- Exercise:
Give back exactly the stretch of data below from the line holding "Luxury House 5 Bedrooms River View" through the line holding "CHAINE DE MAIN PERLE", both ends included, and leave the remaining lines out.

━━━━━━━━━━

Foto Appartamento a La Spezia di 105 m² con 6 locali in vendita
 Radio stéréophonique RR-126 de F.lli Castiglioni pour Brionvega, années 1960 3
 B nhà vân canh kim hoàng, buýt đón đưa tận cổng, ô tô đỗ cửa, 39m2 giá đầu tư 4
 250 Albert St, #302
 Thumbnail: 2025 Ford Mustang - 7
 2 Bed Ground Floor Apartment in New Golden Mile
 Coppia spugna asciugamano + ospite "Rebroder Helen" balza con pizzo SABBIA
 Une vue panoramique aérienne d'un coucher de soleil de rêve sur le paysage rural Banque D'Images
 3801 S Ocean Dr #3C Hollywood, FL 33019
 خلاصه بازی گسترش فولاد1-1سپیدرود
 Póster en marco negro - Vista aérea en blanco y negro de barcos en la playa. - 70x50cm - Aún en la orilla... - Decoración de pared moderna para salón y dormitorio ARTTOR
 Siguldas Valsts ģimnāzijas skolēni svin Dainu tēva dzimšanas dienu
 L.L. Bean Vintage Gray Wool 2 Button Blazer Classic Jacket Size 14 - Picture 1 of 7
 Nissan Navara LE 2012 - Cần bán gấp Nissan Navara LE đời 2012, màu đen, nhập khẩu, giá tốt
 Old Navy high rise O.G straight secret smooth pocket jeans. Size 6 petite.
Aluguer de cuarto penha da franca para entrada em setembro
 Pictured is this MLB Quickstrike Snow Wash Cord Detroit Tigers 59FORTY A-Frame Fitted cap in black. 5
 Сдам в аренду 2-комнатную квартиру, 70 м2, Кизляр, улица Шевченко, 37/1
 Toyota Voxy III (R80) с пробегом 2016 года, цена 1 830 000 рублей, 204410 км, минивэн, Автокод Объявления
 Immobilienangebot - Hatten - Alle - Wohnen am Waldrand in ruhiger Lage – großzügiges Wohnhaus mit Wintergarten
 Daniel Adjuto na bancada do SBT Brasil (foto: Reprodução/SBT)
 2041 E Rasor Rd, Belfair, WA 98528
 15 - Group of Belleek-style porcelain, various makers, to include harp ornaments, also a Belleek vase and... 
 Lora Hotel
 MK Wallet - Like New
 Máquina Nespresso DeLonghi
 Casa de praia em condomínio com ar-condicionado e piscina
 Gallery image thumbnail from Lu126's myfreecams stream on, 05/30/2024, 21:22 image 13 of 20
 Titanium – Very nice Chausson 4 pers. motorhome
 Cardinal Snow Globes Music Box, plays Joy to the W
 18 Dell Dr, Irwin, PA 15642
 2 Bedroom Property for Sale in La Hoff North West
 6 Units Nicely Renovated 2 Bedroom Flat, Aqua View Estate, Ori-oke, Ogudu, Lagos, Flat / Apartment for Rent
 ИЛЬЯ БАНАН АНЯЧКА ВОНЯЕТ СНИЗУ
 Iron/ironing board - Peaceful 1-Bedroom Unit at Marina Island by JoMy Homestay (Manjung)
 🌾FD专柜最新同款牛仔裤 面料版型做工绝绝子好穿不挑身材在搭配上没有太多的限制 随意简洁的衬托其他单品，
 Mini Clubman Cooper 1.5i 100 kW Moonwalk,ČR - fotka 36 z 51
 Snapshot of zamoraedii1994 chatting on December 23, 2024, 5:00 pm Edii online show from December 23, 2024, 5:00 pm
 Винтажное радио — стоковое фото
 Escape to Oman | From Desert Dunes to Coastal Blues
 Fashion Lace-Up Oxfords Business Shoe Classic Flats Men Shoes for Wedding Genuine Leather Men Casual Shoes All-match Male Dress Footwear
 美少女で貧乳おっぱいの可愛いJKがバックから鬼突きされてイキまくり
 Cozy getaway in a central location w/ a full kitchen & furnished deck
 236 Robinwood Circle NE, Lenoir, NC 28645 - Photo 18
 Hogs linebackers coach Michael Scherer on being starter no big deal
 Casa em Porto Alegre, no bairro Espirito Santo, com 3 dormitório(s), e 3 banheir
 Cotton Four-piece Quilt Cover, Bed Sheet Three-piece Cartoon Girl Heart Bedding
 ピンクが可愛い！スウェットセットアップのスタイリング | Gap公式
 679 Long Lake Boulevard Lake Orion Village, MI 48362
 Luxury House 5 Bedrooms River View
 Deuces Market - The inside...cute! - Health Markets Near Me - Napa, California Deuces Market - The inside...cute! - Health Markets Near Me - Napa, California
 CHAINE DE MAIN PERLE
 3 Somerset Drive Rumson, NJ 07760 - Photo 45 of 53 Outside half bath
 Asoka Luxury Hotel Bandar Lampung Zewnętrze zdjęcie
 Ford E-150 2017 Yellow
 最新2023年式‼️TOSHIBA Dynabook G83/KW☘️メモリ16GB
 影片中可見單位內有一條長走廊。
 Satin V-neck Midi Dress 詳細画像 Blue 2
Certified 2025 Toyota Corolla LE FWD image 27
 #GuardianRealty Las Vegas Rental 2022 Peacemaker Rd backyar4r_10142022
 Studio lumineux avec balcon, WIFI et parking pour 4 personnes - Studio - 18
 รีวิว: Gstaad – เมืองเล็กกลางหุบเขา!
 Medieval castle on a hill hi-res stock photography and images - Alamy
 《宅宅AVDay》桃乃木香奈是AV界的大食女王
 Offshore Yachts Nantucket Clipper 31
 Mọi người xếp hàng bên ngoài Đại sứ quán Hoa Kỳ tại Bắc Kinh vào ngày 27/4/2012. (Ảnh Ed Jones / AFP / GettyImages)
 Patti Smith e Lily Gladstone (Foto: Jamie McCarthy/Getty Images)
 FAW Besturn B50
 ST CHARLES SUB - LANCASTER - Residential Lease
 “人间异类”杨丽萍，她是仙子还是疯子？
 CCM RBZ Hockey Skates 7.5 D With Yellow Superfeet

━━━━━━━━━━

- Answer section:
 Luxury House 5 Bedrooms River View
 Deuces Market - The inside...cute! - Health Markets Near Me - Napa, California Deuces Market - The inside...cute! - Health Markets Near Me - Napa, California
 CHAINE DE MAIN PERLE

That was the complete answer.